# Assignment
What you give back should be exactly the lines from the one with "CoralineKeyns online show" through the end of the data, without the pictures.

# Stored data
######

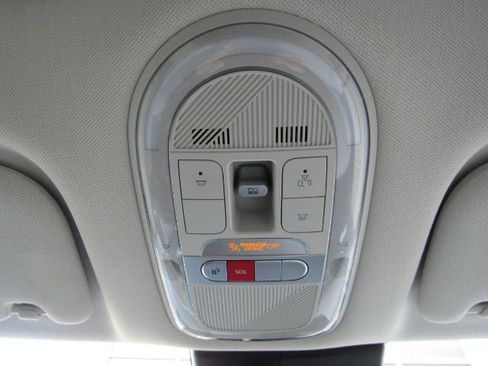 Used 2023 Hyundai Ioniq 5 Limited image 60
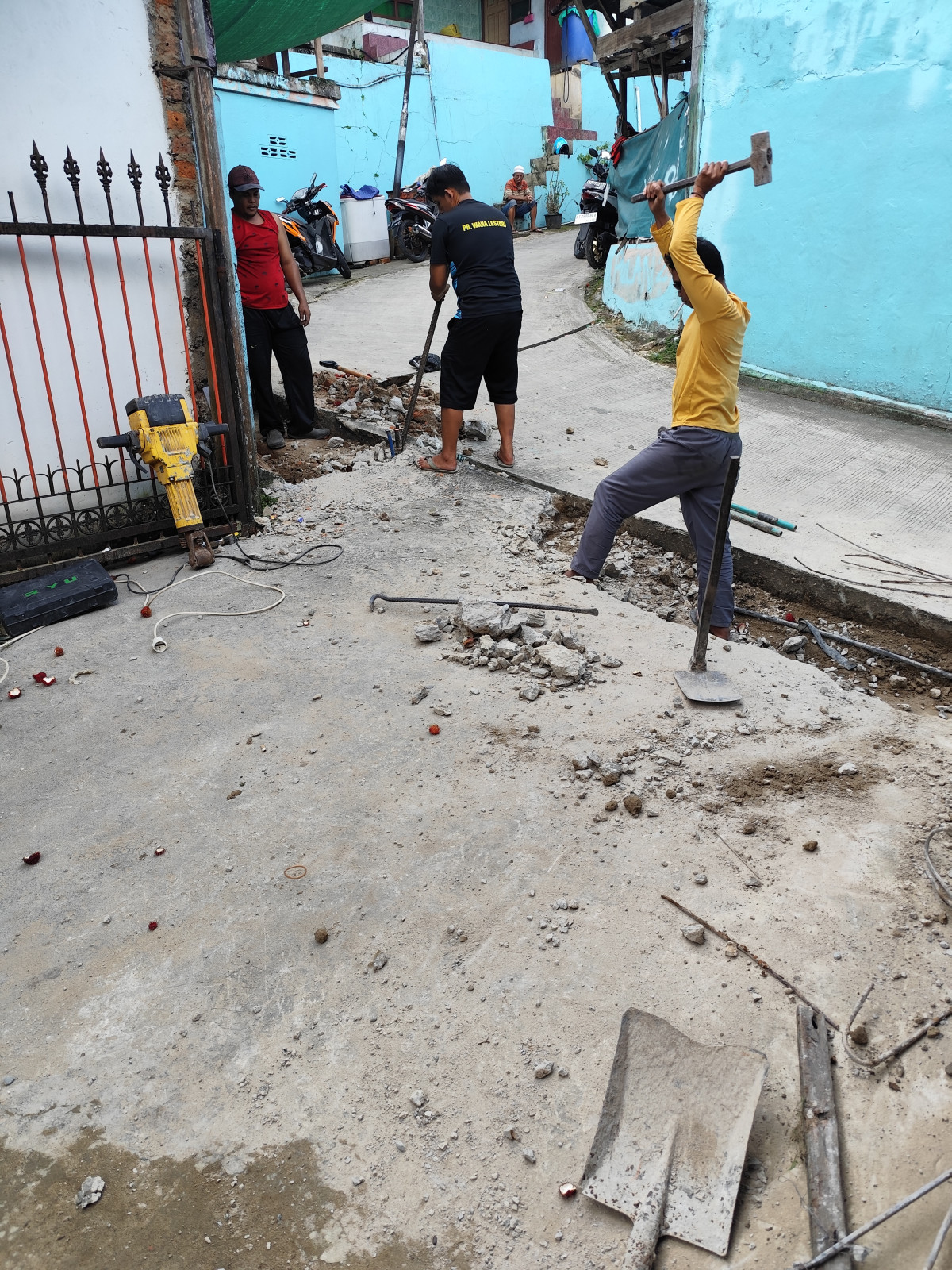 Pengecoran jembatan dan parit yg di bongkar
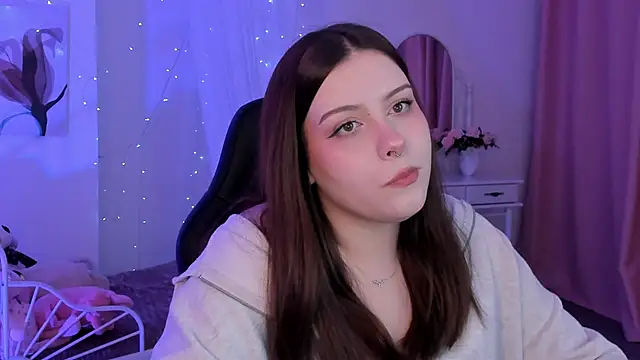CoralineKeyns online show from February 2025 11:42:01 AM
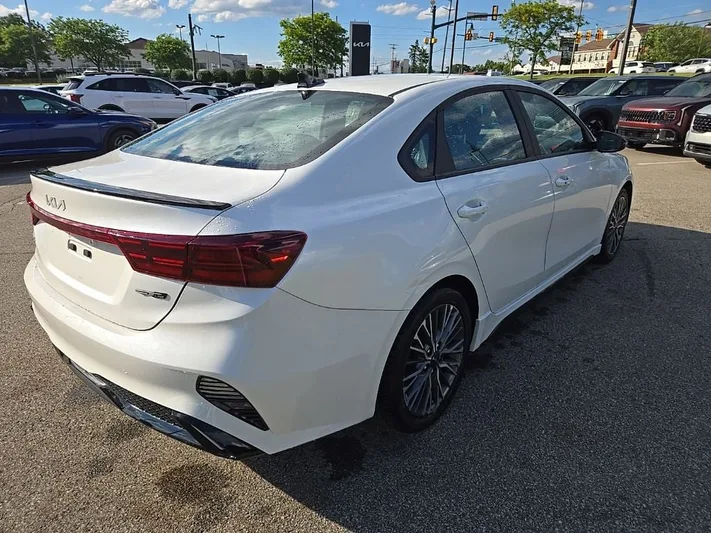 2024 Kia Forte - view 3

######

# Answer to this problem
CoralineKeyns online show from February 2025 11:42:01 AM
 2024 Kia Forte - view 3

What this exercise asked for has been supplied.